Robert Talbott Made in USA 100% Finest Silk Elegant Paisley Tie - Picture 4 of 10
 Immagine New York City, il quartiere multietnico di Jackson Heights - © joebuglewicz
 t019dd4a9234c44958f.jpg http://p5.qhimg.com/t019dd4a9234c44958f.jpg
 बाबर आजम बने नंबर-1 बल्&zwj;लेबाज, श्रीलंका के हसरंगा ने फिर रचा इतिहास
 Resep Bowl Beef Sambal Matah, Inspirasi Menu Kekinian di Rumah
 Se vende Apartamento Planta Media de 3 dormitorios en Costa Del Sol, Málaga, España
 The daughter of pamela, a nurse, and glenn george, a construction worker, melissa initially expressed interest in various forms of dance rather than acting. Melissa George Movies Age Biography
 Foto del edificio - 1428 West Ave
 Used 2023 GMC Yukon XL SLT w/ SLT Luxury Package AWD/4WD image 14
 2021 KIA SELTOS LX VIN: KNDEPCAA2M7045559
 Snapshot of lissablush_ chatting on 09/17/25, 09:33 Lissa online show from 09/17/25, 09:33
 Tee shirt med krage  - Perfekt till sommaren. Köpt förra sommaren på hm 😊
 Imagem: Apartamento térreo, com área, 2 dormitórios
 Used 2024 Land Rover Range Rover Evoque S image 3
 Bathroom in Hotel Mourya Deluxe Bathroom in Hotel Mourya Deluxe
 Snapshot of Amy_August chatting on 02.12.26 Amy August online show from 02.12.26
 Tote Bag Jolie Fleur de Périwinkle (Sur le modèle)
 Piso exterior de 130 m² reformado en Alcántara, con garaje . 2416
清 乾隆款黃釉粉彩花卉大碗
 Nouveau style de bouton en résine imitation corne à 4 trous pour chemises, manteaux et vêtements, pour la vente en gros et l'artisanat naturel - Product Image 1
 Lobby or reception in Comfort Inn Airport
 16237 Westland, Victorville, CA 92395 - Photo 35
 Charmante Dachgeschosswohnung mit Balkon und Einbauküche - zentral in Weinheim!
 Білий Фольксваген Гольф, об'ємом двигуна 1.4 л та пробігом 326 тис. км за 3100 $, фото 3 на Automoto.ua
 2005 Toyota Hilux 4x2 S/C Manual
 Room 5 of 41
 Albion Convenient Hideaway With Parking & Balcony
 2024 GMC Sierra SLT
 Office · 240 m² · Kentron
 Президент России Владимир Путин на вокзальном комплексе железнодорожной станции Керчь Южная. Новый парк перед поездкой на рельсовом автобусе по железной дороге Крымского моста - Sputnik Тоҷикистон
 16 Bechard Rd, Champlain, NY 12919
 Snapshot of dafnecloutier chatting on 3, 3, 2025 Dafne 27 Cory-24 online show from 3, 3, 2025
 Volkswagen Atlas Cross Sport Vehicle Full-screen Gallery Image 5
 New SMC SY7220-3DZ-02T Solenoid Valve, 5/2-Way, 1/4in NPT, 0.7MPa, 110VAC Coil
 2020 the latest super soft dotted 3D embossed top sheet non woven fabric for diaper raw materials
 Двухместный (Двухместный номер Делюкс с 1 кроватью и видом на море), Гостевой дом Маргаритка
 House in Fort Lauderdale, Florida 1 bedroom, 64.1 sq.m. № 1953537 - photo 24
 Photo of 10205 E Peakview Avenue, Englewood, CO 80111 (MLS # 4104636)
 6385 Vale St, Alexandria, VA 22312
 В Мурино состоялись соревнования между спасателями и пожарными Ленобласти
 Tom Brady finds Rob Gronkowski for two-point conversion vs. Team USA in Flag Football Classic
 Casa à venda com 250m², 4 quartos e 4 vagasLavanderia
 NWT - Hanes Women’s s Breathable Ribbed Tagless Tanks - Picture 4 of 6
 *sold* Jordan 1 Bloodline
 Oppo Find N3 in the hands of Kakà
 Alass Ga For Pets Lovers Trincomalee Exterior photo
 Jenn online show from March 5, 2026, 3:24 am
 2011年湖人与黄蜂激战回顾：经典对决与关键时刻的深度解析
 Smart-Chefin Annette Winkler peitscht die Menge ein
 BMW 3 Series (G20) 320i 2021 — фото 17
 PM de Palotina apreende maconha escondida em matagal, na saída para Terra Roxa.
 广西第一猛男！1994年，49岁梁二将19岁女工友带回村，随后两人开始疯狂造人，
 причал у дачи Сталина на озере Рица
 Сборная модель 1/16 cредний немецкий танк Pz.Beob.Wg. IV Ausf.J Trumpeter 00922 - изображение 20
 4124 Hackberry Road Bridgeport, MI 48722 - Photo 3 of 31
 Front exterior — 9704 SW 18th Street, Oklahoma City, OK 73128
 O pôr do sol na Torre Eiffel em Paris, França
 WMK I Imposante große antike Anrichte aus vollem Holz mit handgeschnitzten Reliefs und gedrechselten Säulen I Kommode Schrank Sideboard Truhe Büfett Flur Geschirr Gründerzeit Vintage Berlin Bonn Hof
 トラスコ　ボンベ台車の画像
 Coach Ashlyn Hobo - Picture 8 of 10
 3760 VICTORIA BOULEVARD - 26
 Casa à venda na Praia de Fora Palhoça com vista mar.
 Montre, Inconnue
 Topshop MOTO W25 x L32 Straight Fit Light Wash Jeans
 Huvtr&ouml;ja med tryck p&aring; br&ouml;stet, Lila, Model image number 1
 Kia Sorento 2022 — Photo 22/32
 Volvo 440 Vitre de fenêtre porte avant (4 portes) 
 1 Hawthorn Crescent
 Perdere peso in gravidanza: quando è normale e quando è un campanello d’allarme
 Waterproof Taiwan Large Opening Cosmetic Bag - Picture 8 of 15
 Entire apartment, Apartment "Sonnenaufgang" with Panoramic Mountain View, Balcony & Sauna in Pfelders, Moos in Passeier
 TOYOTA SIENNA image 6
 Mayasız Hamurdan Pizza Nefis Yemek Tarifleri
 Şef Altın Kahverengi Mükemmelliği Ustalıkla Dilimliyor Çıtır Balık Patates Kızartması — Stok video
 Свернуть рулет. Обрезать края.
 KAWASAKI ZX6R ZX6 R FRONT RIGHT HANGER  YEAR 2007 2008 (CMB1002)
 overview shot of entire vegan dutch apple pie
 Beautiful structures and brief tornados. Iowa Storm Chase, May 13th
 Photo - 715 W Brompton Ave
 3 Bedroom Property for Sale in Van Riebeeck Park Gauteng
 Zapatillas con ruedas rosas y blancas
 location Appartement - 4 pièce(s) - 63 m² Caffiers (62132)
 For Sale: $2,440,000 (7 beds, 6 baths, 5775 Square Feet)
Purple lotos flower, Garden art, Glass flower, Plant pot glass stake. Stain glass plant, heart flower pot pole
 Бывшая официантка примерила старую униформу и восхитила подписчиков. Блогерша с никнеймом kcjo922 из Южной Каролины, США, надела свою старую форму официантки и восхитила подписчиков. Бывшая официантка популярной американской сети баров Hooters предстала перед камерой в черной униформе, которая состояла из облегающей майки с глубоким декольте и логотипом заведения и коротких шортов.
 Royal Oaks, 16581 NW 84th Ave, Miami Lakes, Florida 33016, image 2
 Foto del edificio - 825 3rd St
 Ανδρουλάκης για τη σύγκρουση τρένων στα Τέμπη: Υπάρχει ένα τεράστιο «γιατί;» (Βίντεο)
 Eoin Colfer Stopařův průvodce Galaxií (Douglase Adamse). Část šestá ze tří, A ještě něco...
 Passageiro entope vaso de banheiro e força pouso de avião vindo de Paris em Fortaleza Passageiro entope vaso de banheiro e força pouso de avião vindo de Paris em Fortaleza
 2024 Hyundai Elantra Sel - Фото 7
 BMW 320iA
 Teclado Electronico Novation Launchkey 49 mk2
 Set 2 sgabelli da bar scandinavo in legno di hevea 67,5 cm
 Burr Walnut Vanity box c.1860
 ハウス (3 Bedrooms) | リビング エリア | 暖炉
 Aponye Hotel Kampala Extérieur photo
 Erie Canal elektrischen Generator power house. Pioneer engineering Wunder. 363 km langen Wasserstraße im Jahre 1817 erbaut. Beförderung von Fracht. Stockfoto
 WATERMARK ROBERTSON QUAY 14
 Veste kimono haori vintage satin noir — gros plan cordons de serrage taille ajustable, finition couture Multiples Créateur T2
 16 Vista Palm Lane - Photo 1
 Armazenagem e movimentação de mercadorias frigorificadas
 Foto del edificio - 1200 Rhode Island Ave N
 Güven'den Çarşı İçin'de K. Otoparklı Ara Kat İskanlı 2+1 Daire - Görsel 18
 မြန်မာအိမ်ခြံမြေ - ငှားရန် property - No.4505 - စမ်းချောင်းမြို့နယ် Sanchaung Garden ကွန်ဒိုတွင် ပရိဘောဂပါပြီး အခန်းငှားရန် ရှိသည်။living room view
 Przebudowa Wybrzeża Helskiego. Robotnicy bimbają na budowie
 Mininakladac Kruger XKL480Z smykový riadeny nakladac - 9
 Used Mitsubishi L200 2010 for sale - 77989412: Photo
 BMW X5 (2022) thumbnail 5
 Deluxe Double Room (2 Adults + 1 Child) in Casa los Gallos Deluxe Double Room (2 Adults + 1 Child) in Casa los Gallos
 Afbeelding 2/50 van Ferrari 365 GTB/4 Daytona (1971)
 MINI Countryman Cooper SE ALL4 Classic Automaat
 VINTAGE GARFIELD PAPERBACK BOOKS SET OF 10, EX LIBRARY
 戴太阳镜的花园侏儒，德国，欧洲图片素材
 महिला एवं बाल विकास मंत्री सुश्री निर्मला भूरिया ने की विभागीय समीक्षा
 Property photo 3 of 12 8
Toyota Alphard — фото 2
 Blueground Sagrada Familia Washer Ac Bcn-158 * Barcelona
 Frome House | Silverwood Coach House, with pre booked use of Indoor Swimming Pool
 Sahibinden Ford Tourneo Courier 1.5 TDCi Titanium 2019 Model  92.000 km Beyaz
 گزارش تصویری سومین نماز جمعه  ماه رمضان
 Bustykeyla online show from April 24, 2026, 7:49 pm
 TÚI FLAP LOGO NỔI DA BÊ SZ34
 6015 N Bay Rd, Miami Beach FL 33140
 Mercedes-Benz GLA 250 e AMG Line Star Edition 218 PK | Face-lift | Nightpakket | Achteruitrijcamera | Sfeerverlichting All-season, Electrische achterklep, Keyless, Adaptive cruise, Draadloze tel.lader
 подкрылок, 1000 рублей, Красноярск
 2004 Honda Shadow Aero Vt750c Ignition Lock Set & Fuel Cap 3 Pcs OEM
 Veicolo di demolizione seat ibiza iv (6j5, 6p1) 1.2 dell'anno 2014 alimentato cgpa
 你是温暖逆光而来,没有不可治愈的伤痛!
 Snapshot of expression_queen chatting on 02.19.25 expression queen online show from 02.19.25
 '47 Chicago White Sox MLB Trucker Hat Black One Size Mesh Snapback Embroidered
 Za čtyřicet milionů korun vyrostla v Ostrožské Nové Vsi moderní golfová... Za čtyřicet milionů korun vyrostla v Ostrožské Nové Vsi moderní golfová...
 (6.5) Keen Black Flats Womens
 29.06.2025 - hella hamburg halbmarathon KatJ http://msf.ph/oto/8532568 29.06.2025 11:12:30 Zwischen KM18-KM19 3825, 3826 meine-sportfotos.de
____
In the entries above, count each line containing the word "Balcony" and reply with only the count.

▶ [Answer to this problem]:
2